Here we focus on quantifying the growth of nine OSF-hosted preprint services using submission metrics, preprint/postprint ratios, topic analysis, coauthorship network analysis, and annotation. Narock et al. [17] previously examined the first year growth in EarthArXiv, the OSF hosted preprint service for the Earth Sciences. We expand on this previous work and investigate multiple OSF-hosted services spanning a range of disciplines. We leverage the growth in preprinting and preprint services hosted by a single entity to examine questions and understand commonalities in service growth. These questions allow for assessment of preprint services that go beyond analysis of single services. Specifically we investigate how many documents are stored on each service, their breakdown (preprints vs. postprints), if they are eventually published in OA venues, coauthorship networks, if these services are seeing commenting/annotation, and the overlap in topics amongst the OSF services. Our goal in this work is to investigate different preprint services to explore commonalities and trends across disciplines and communities.

2. Methods

The Center for Open Science (COS) currently hosts twenty three preprint systems across a variety of domains. In order to obtain meaningful statistics, we limited our study to systems that meet four criteria. First, a service must have at least 100 total manuscripts. Second, we look exclusively at services with English language manuscripts. Third, the manuscripts must be accessible through the OSF Application Programming Interface (API) [18] which will enable us to analyze all of these services through programmatic means. Fourth, the service must have a domain/community focus as our intent is to compare preprint usage across multiple communities. General purpose systems—e.g., OSF Preprints and Thesis Commons—were excluded. Overall, nine preprint services meet these four criteria. Data from these nine services were collected via the API in December of 2018. The software used in this study [19] and the data that we obtained from the API [20] are freely and openly available.

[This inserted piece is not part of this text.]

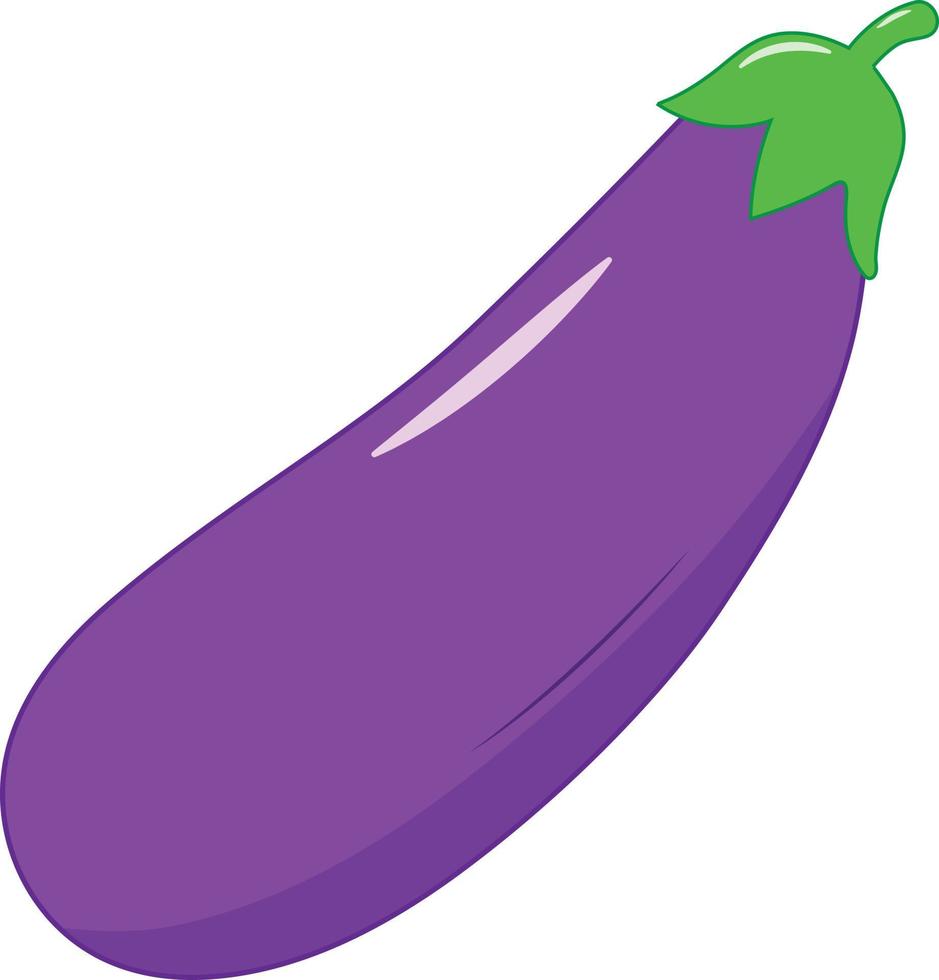 Fresh Isolated Brinjal Vector Illustration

Throughout this study we reuse open science definitions presented in [21]. Specifically,

• Gold Open Access—articles published by a journal website that are freely and openly available. These journals are included in the Directory of Open Access Journals (DOAJ)
• Green Open Access—articles self-archived by an author in a free repository, but published in a pay-for-access journal. For the context of this article, the free open access repository is a COS systems.
• Hybrid Open Access—articles where the author has paid an article processing charge to make their specific work freely available and open access, but the article is published in a pay-for-access journal.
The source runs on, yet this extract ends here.